In our opinion, the claim for alternative accommodation can only be made against the husband and not against the husband's in-laws or other relatives. As regards Section 17 (1) of the Act, in our opinion the wife is only entitled to claim a right to residence in a shared household, and a 'shared household' would only mean the house belonging to or taken on rent by the husband, or the house which belongs to the joint family of which the husband is a member. The property in question in the present case neither belongs to Amit Batra nor was it taken on rent by him nor is it a joint family property of which the husband Amit Batra is a member.

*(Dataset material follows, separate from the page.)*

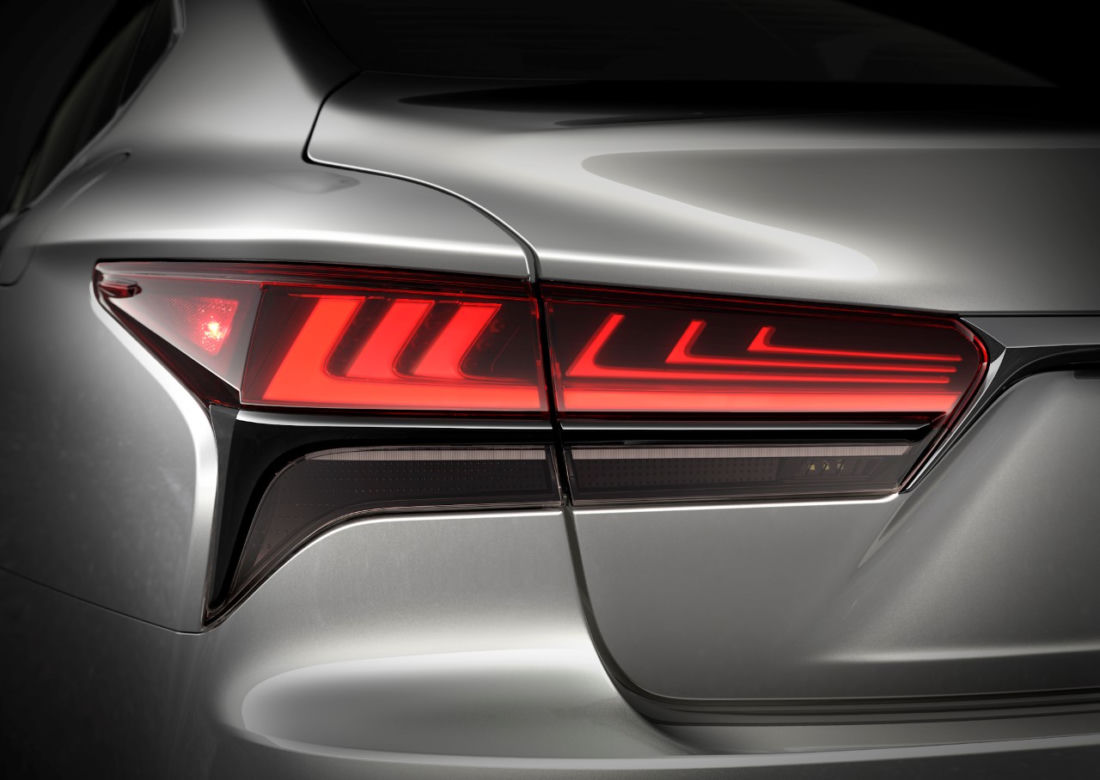 (2021) Lexus LS po liftingu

It is the exclusive property of appellant no.2, mother of Amit Batra. Hence, it cannot be called a 'shared household'." 12. Thus, in view of the aforementioned judicial pronouncements and also taking note of the definition of an aggrieved person as also that of a wife coupled with the fact that there is already a decree of divorce passed between the applicant and the respondent no.1 as early as on 30.11.2011, this Court does not find any strong case calling for an interference with the two impugned orders passed by the two Courts below. 13. In addition, what is not disputed is that the property in which the applicant intends to claim for the right of a shareholder residence cannot be under any circumstance permitted for the reason that the alleged property in which she is claiming for right to residence is not in the name of respondent no.1 but it is in the name of the children of respondent no.1 born from his first wife. Therefore, it is those people who have exclusive ownership and possession over the said property and in which the applicant cannot be permitted to share the residence. 14. For the aforesaid reasons, the present criminal revision fails and is accordingly dismissed.